Al llegar al vestuario, acabado el partido, "Palita", nuestro organizador y estrella del equipo rompió el silencio con esas tres palabras que tanto tiempo sonaron en mi cabeza: "... es que así...".
En ese momento, traté de no ofenderme: en 1982 aprendí que en el fútbol se puede perder; en 1984 aprendí lo cruel que puede ser este deporte con el portero. Y de eso habían pasado ya más de tres años.
Los aciertos del portero refrendan los del equipo. Los errores lo hunden. Quien no lo entienda, que se haga extremo izquierda. Es el precio de asumir esa responsabilidad, de saberse depositario de 10 confianzas sobre el terreno de juego. Es bonito, pero puede ser muy duro, a veces. En el 84 yo recuerdo estar delante de la tele, llorando junto a un padre que no encontraba consuelo para mí. Nunca suelo hacer referencia a aquello, no me gusta. No tengo ni la famosa foto y detesto que en las "enciclopedias" de fútbol las referencias a Arconada se hagan casi en exclusiva a esa final.
Volvamos a 1987: lo cierto es que casi todos tenían ya ganas de verme jugar. Había fichado por ese equipo de Regional Preferente pero me estaba costando mucho ganarme el puesto, aunque afición, compañeros y directiva sabían que era un suplente de lujo. Un día, jugando contra el Santa Bárbara, en Toledo, al titular (que era de allí, por cierto) un señor mayor le llamó "hijoputa" todo el partido hasta el minuto veinticinco de la segunda parte. Sin parar. Hasta que el pobre compañero saltó la valla y le dió una mano de hostias al provecto aficionado. Nunca me gané el puesto de una forma tan rara, porque le metieron 7 partidos de sanción.
Pasé todas las vacaciones entrenando. Iba a debutar en el partido más importante de la temporada, en casa, contra el vecino pueblo de Los Yébenes, que iba primero, que podía hacer casi imposible el ascenso si perdíamos, y que había fichado a un tal García que había jugado en Primera División (muchos) años atrás.
García ya estaba gordo, pero se le veía clase de futbolista de verdad. Los que han sido buenos hasta protestan al árbitro de otro modo. Técnico, corría poco pero repartía bien el juego. Y disparaba fuerte. En eso debía yo estar pensando cuando, en la segunda parte, chutó un zambombazo desde muy lejos. Erguido, coloqué mis manos sobre mi cabeza para agarrar ese balón con elegancia. Pero me dobló los dedos, aún no sé cómo. Me tiré hacia atrás y lo saqué, pero al árbitro dio gol.

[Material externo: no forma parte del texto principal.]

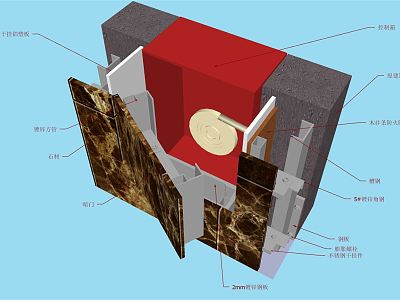 Modern fire hydrant stone fire hydrant door decoration process node model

Mis compañeros salieron disparados a protestar, como locos: "¡No entró, no entró!". Yo no. Yo sabía que el desastre estaba buscándome y me había encontrado. De inmediato pensé en el 84. Asumí y desde el primer minuto supe que me pasaría asumiendo bastante tiempo. Perdimos, claro, y no subimos.
"Palita" no era ningún desgraciado por decir aquello a la entrada del vestuario, aún lo oigo mover su bigotito fino: "... es que así...". Lo que él quería decir es que estaba dolido. Y quería que yo lo supiera. Pero era un ignorante. Porque el portero que se equivoca pena doblemente, por él mismo y por los demás. Lo aprendí hace ahora 25 años, donde sufrí por no ser campeón pero tanto o más por el dolor de mi ídolo, imaginando cómo se sentiría.
Así que, "Palita", yo ya lo lamentaba por mí y por tí. Y por los compañeros que quedaron a las puertas del éxito. Y por los aficionados, aquellos que están llorando en su casa, con un padre que les coge por el hombro y trata de encontrar palabras para negar lo obvio, convencerles de que no es importante aquello que tanto lo es.